With ever-expanding storage, search so good you could stop manually organizing emails into sub-sub-sub folders, a genuinely great spam filter, not to mention the kind of speed that was largely unheard of at the time for a Web app, Gmail was an instant hit.
Gmail invites were a hot property in the early days, and as time has gone on, it’s only become better as a product. Chief rivals Yahoo and Microsoft have improved their offerings over the years but they’ve never quite achieved the sophistication and level of user experience Google has.
And yet… We all still complain about email. We bemoan its failings – the fact that anyone can contact you about anything, that an ever-increasing unread email count is at best an inconvenience and at worst a time-consuming source of real stress.
I can easily spend four hours per day on email if I have the time, and I still don’t get through it all. I know many others who simply ignore or delete most of their email – that works for them but it has the consequence of making them appear rude and ignorant to people sending them things that may well be interesting and useful. A communication system that makes you avoid it in order to stay efficient has no place in the 21st Century.
The past couple of years have seen a drive from startups wanting to put fresh lipstick on the pig. Sparrow created a UI so good that Google absorbed the French startup into its Gmail team, while the likes of Mailbox, Sanebox and Baydin have created tools to make busy inboxes more manageable. Gmail itself has gained tabs to aid with managing inbox overload. Still, at its core email is as much of a pain as ever.

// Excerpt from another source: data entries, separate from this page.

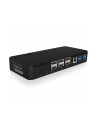 icybox Stacja dokująca IB-DK2254AC 11w1,3xHDMI,PD 100 Watt - nr 1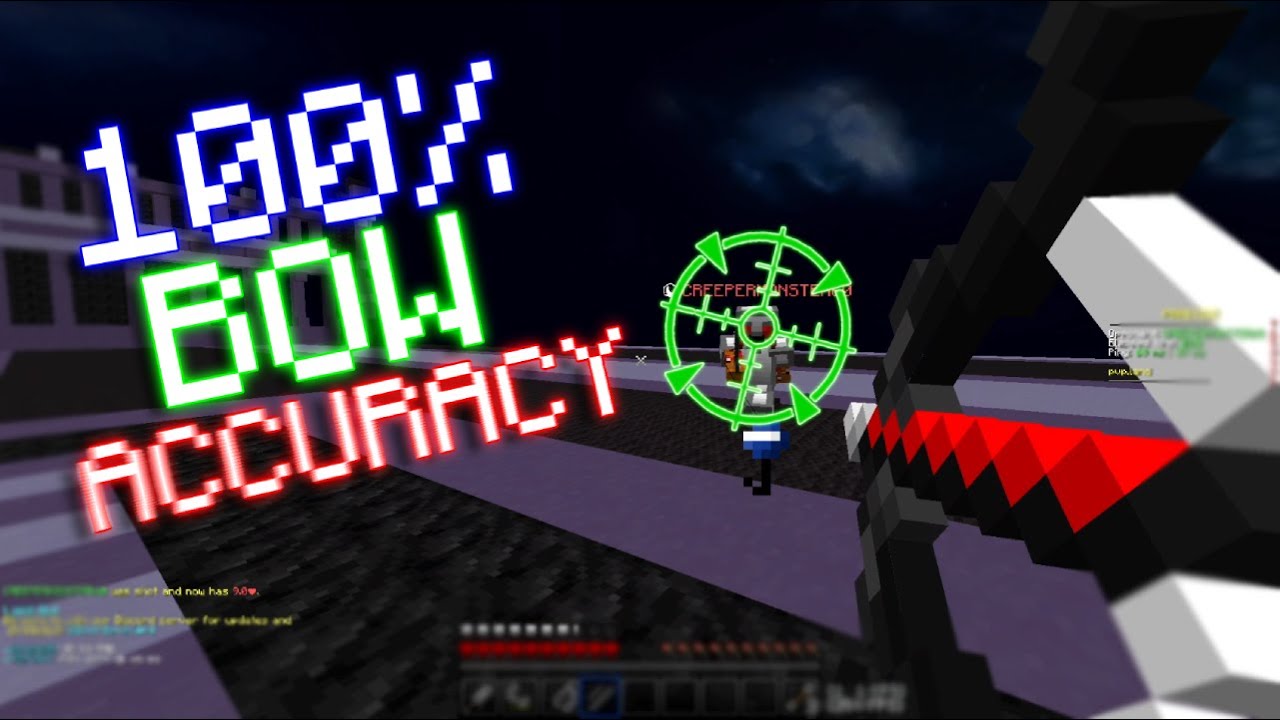 How to become a GOD with the Bow in Minecraft PvP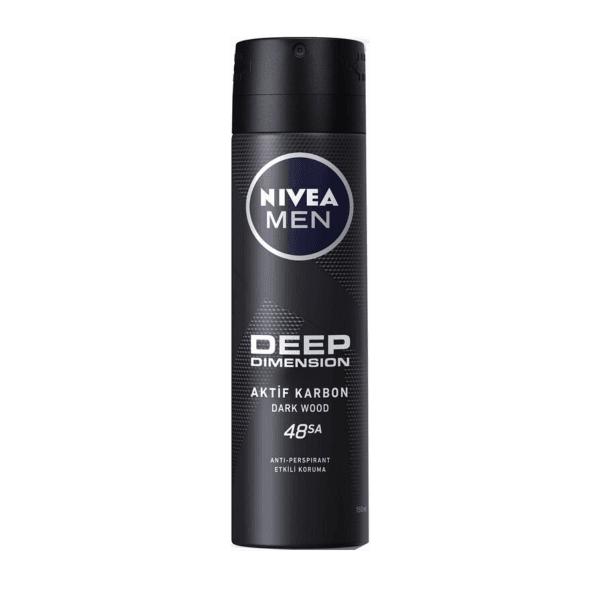 Nivea Men Deep Dimension Deodorant 150 ml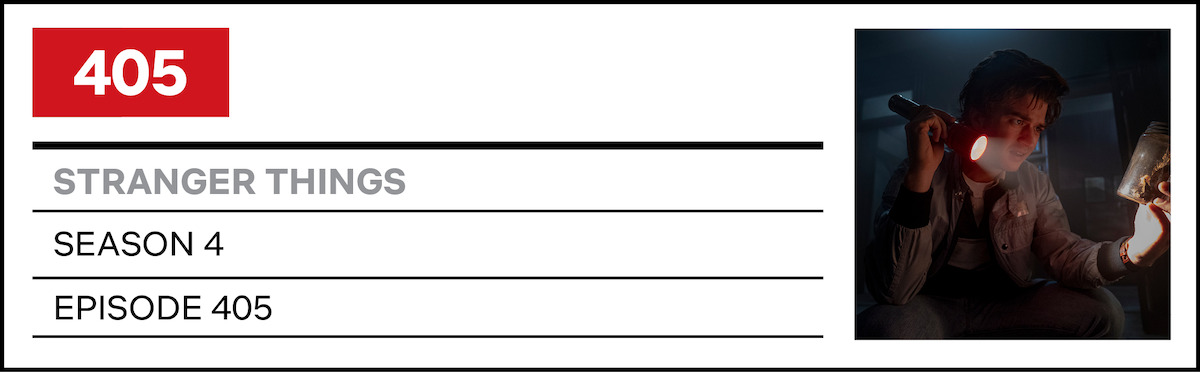 Episode 405 - Every Song in Volume 1 of ‘Stranger Things’ Season 4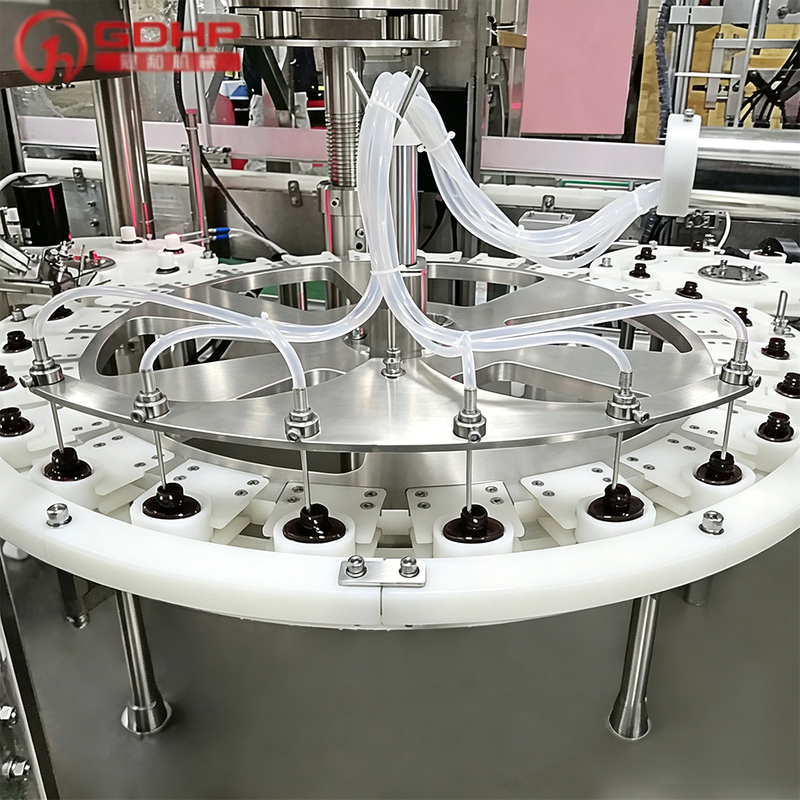 Rhinitis nasal Spray bottle filling machine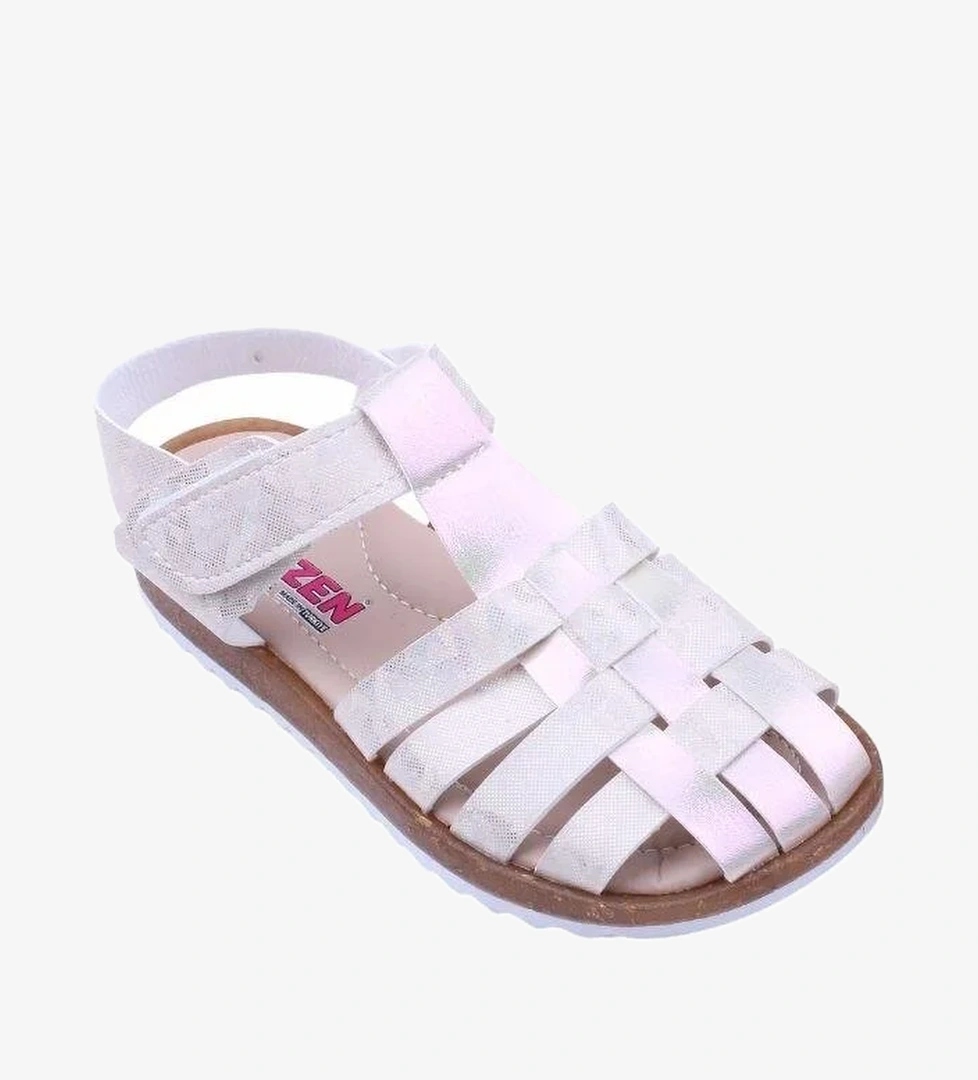 Arzen-2881 Kız Çocuk Ortopedik Sandalet Ayakkabı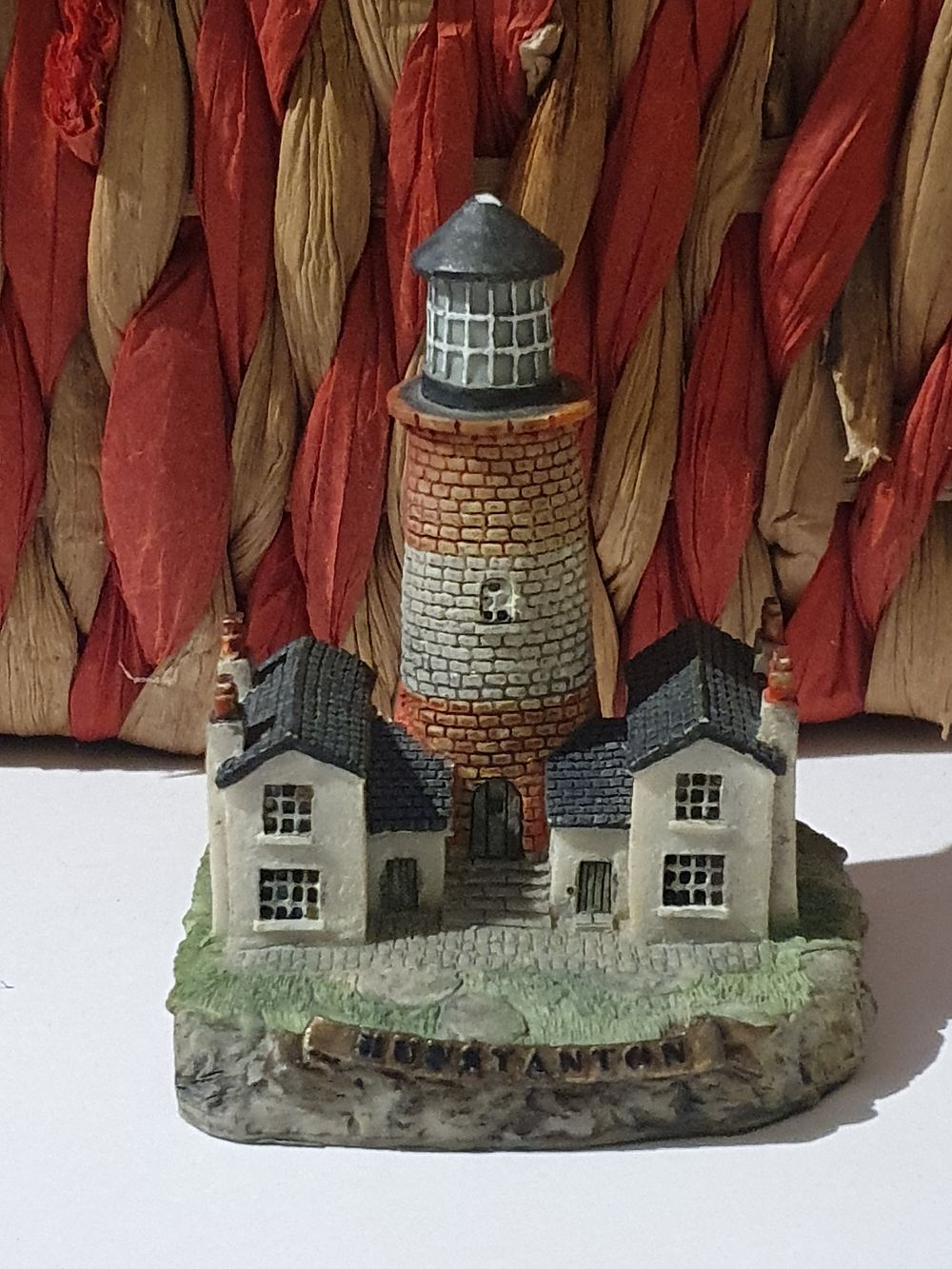 Lot 178: Hunstanton lighthouse
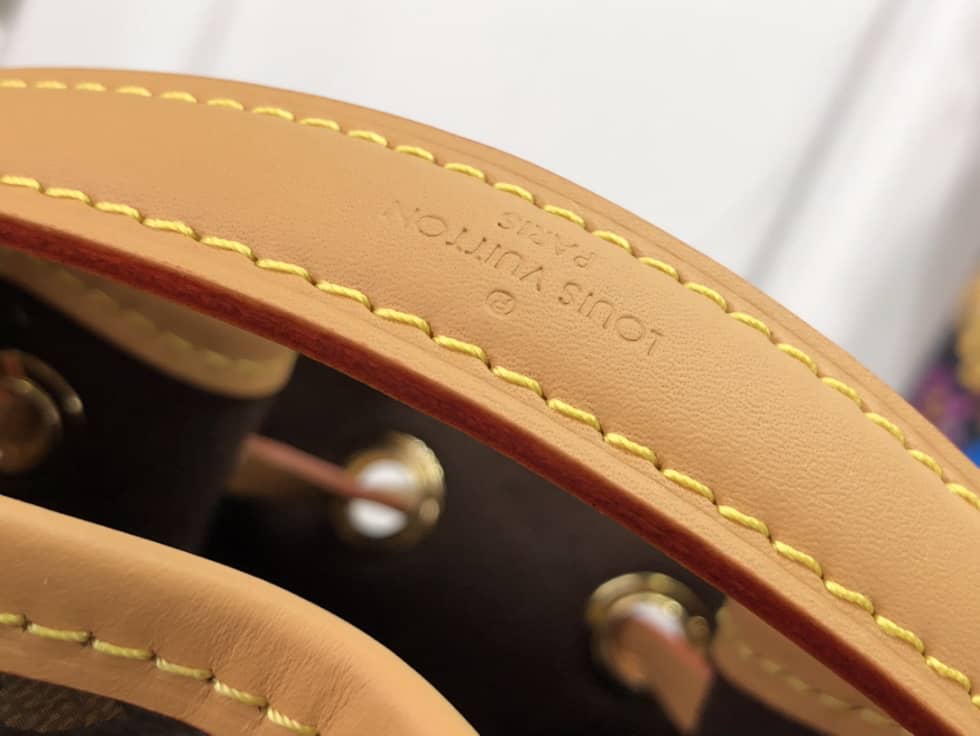 Louis Vuitton Nano Noe Monogram Bag M81266 Replica Bucket Bag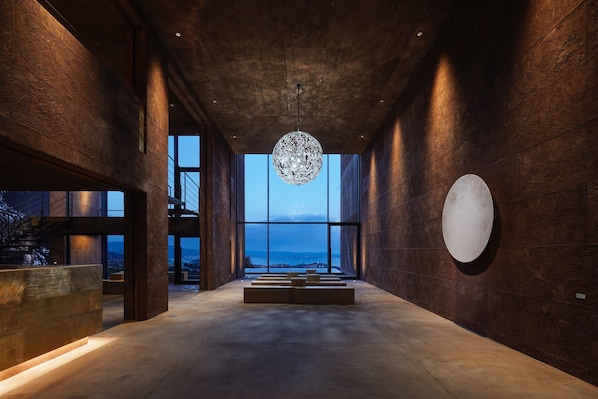 Reception - SEKIYA RESORT GALLERIA MIDOBARU (Beppu)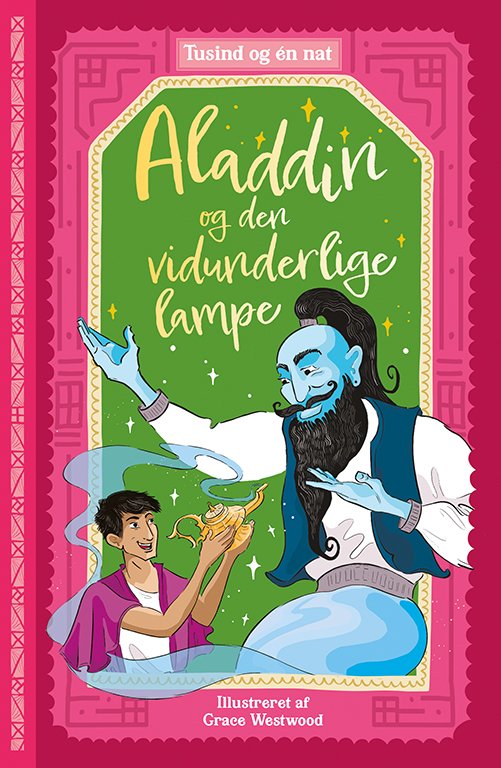 Tusind og én nat 2: Aladdin og den vidunderlige lampe (Bound Book) [1.º edición] (2024)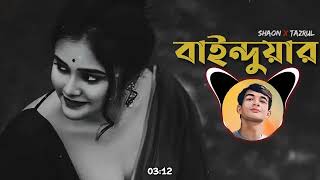 Bainduar  - (Slowed × Reverb) | বাইন্দুয়ার | Bengali Lofi Mix |  Hridoy Khan × Panna 2024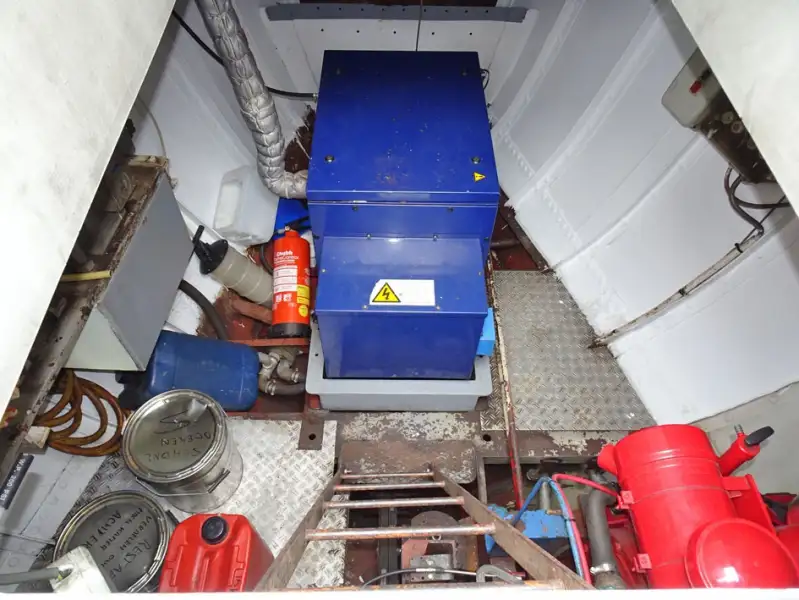 Buque granelero en venta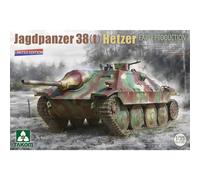 Takom 2170X German WWII Jagdpanzer 38(t) Hetzer Early Prod. LE 1:35 Model Kit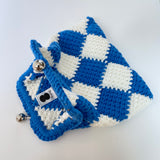 [MADE] Étang Waffle Pouch | Blue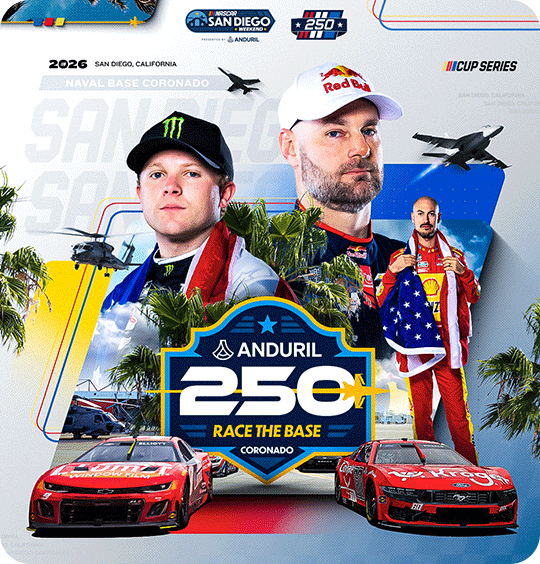 NASCAR Tune-in Graphic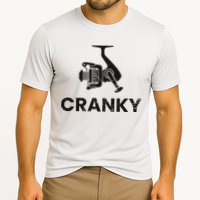 Cranky Fishing Cooling Performance Crew T-Shirt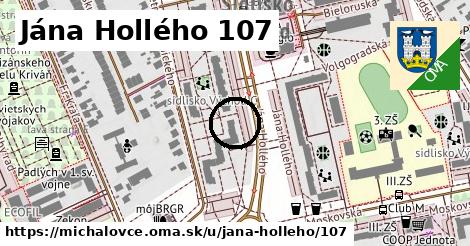 Jána Hollého 107, Michalovce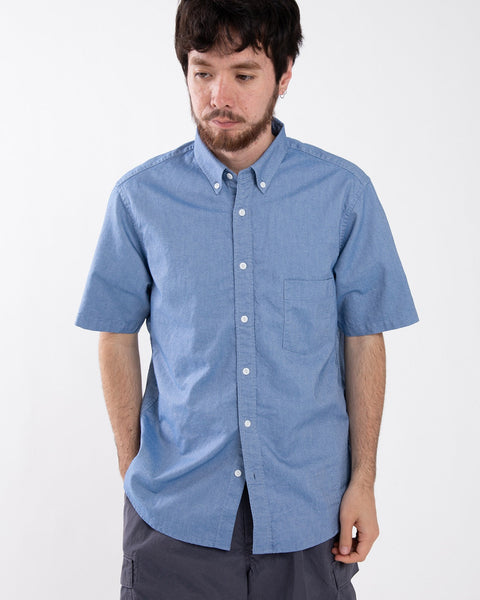 DWELLER B.D. S/S SHIRT COTTON OXFORD – COVERCHORD
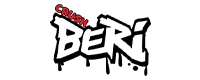 Beri Crush Vapes logo - 50000 puff disposable vape with Crush Mode technology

There is hope, however. Teenagers who eschew email in favor of mobile chat apps may be pointing towards a future where they arrive in the workplaces of 2020 and maintain their bemusement with a clunky, creaking form of communication.
Startups made up of 22-year-olds will figure out a way to get by far more efficiently without email, while the oldies drown in a swamp of their own inefficient legacy email clients. The email address will become the equivalent of the fax machine today – something you only use to contact a really behind-the-times lawyer.
As much as I love Gmail, part of me hopes that it doesn’t make it to its 20th birthday.